Optimization of deep hole blasting parameters in the middle section of 12020
1.1 Determination of the caving step The collapsing step should be consistent with the height of the collapse and the distance between the two approaches to ensure that the collapse of the ore is consistent with the ore ellipsoid. If the step size of the collapse is too large, the upper waste rock is inserted into the ellipsoid prematurely, causing the upper overburden to mix into the ore body and quickly reach the cut-off grade, causing the front-end ore body to be unable to be released and causing loss; If it is too small, the waste rock at the front end enters the position of the ore out prematurely, resulting in the loss of the upper ore. The calculation formula of the collapse step L is
In the formula (1), b is the short semi-axis of the ore-bearing ellipsoid along the approach direction, m; a is the long axis of the ore-leaving ellipsoid, m; θ is the axial flow angle of the ore-bearing body, (°).
According to the test results of ore ellipsoids under similar mine conditions, b is 3.6~4.2m, a is taken as 12m, θ is taken as 3°, and the parameters are substituted into the above formula: L=3.3~3 .9m. Therefore, the reasonable step size of the collapse should be 3.2 to 3.8 m. In this study, the step size of the iron ore collapse in the mouth of the mouth is 3.0 to 3.6 m. Considering the different ore properties of the upper and lower sections of the 2020m section of the Sakaguchi iron ore, L should be 3.6m above the middle section of 2020m and 3.2m below the middle section of 2020m.

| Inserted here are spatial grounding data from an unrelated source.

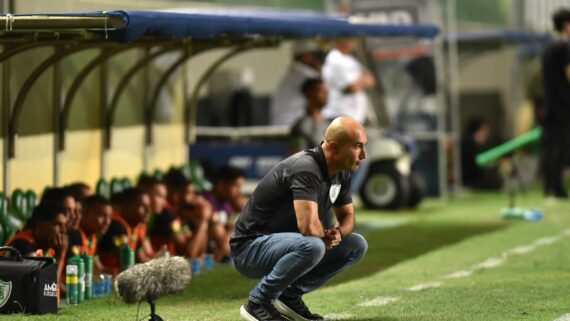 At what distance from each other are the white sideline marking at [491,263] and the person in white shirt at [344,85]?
4910mm

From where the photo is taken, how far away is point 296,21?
13188 millimetres

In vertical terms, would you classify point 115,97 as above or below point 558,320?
above

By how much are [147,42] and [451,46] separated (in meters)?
9.81

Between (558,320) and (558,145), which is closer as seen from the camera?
(558,320)

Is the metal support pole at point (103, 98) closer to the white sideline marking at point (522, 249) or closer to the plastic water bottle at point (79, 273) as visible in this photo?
the plastic water bottle at point (79, 273)

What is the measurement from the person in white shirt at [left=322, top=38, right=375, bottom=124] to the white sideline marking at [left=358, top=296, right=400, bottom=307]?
737 centimetres

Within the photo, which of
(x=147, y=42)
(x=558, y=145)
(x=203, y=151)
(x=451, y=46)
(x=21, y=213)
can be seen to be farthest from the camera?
(x=451, y=46)

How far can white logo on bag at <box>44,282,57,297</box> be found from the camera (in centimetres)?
976

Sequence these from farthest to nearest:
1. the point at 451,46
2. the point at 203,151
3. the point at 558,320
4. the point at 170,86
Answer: the point at 451,46
the point at 203,151
the point at 170,86
the point at 558,320

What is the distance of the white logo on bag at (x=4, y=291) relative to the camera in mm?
9711

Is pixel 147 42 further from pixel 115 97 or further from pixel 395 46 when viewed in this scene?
pixel 395 46

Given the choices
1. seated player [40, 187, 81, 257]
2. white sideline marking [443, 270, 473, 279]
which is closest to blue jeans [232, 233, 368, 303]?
seated player [40, 187, 81, 257]

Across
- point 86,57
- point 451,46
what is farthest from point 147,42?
point 451,46

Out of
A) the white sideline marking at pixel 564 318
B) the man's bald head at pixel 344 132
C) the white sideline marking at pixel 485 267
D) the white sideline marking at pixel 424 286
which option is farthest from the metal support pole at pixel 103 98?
the white sideline marking at pixel 564 318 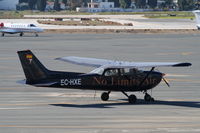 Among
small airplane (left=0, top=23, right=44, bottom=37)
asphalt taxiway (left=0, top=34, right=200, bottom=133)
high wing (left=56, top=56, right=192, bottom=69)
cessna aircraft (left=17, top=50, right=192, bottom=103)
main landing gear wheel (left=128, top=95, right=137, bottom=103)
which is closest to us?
asphalt taxiway (left=0, top=34, right=200, bottom=133)

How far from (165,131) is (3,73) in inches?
949

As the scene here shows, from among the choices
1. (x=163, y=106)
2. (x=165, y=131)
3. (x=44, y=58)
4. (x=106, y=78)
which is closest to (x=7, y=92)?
(x=106, y=78)

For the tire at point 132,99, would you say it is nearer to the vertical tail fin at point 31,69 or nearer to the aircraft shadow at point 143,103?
the aircraft shadow at point 143,103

1.2 Minimum resistance line and hole bottom distance adjustment Adjust the hole parameters of the oxidized ore body above the middle section of 2020m. To ensure the influence of the front row hole blasting on the rear row hole, the row spacing is still 1.8m, and the edge hole angle is 50°, the step of the collapse is 3.6m, so the front hole is 11 holes, the hole bottom distance is 2m, the rear hole is 12 holes, the hole bottom distance is 1.9m, and the blasting coefficient is 1.06. . By adopting the staggered arrangement of the front and rear rows of the blasthole, the extrusion action is increased, the bulk rate is reduced, and the collapse effect is improved. Below the middle section of the 2020m section of the Yankou Iron Mine, the idea of ​​reducing the resistance line and increasing the hole bottom distance is adopted. Therefore, the re-set row spacing is 1.6m, the hole bottom distance is increased to 2m, and each row collapses 2 rows, so that the bottom of the hole The product of the distance and the minimum resistance line is unchanged, the minimum resistance line is 1.6m, the blasting coefficient is 1.25, and the two rows of blastholes are arranged in a staggered manner, and two rows are detonated at a time. The detonation method can ensure uniform distribution of blasting energy, and by prolonging the action time of blasting energy, the number of large blocks can be significantly reduced, and the loss of ore depletion can be easily controlled and controlled, and the bayonet accident can be reduced.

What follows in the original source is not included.